The ordinance, if adopted at a public hearing later this month, would mean every beachfront community in Cape May County that sells beach tags now has a program to waive the fee for the military.
The perk, allowed under state statutes, began several years ago in Sea Isle City and spread to other towns. Cape May adopted a similar program this year.
Commissioner Robert Moffatt said the tags would be offered to individual veterans who want to bath or fish on the beaches. For active-duty personnel, the tags are being offered not only to those serving but also to their spouses and children. Moffatt said the program will also cover the National Guard.

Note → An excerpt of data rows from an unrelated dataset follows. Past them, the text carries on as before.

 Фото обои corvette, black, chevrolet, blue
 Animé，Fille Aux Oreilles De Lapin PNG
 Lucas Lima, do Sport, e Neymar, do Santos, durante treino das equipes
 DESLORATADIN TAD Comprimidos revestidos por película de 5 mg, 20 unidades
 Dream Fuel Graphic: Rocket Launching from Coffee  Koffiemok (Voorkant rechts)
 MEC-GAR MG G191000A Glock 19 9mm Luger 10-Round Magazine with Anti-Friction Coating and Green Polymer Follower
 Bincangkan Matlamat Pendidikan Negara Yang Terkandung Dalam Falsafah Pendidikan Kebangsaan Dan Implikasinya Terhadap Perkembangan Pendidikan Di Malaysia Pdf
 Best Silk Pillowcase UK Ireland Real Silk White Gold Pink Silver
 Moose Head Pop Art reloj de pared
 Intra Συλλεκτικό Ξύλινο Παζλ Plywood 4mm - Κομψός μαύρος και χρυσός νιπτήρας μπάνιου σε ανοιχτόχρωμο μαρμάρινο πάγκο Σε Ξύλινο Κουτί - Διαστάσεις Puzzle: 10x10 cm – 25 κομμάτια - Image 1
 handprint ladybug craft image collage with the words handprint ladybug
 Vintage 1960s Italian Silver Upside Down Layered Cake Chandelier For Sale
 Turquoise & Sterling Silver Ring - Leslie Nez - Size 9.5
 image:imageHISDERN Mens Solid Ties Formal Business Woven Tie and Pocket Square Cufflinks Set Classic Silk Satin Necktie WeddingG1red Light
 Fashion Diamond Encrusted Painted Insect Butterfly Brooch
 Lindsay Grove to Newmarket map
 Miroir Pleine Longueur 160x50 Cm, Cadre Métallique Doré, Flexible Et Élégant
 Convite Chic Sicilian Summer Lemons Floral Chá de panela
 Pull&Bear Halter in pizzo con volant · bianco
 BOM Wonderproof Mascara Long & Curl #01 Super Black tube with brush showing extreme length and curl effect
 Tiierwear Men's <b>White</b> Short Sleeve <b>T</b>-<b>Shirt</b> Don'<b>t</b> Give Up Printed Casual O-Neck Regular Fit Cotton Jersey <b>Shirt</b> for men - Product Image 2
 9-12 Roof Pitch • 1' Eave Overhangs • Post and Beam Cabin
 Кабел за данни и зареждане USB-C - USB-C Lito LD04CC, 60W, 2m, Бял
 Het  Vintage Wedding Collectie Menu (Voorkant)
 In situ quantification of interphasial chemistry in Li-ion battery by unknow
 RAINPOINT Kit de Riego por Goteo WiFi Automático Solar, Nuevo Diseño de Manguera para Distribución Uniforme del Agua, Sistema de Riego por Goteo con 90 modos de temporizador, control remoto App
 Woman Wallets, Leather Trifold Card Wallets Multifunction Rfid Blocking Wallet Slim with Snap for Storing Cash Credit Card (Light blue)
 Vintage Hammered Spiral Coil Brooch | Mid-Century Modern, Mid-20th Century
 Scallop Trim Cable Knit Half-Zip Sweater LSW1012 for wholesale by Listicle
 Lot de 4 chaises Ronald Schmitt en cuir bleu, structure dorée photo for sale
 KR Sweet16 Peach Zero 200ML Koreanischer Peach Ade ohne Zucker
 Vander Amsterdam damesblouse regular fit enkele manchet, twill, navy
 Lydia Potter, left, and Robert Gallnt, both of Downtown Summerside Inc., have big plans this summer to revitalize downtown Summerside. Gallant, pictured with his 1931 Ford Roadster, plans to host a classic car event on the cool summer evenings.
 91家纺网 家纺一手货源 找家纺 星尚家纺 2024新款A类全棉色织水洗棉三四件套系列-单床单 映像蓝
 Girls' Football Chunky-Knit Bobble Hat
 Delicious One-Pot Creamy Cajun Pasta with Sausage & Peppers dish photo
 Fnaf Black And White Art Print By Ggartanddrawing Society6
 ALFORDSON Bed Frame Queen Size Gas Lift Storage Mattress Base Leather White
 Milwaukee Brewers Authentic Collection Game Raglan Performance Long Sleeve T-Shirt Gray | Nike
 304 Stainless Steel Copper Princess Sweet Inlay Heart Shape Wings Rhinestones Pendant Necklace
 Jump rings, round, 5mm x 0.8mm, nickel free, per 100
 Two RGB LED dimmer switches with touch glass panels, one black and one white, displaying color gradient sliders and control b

“Not just the New Jersey National Guard. We’re doing any National Guard, Pennsylvania or whatever,” Moffatt said.
Moffatt is not sure how much demand there will be but said the new program is a factor in a second ordinance the commission introduced on Thursday night. That ordinance would raise beach tag prices.
The ordinance would raise the daily tag from $7 to $10, the weekly from $17 to $20 and the seasonal from $27 to $30. The pre-season tag, only sold in the month of May, would remain at $22.
Moffatt said a new state law increasing the minimum wage from $7.25 to $8.25 an hour, which means raises for the beach tag checkers, is also a factor in the price increase.
“We don’t want to raise it but we have no other way to support the beaches. We have free parking. Every year it’s a challenge to staff our beaches,” said Moffatt.
The beach program here historically loses money. Tag sales brought in $140,000 last year but expenses were more than $170,000 and that does not include beach protection projects.
The town, which has frontage on the ocean and Delaware Bay, has sold beach tags since 1972 and had lifeguards as early as 1910. Actually, there was one lifeguard in 1910 and his duel job included lighting the town’s streetlamps every night. In 1920 the lifeguard also did water and light inspections for $2.50 per day, and in 1924 the town marshal got the job of guarding the beaches.
The beaches have no concession stands or parking meter revenue to help defray the costs, and there is some uncertainty about how many free tags will be given out. Neighboring Cape May is budgeting for $24,000 in lost revenue from its program.
“We don’t think we’ll get too many of them but it’s hard to forecast what it will do to the budget,” said Borough Administrator Kimberly Hodsdon.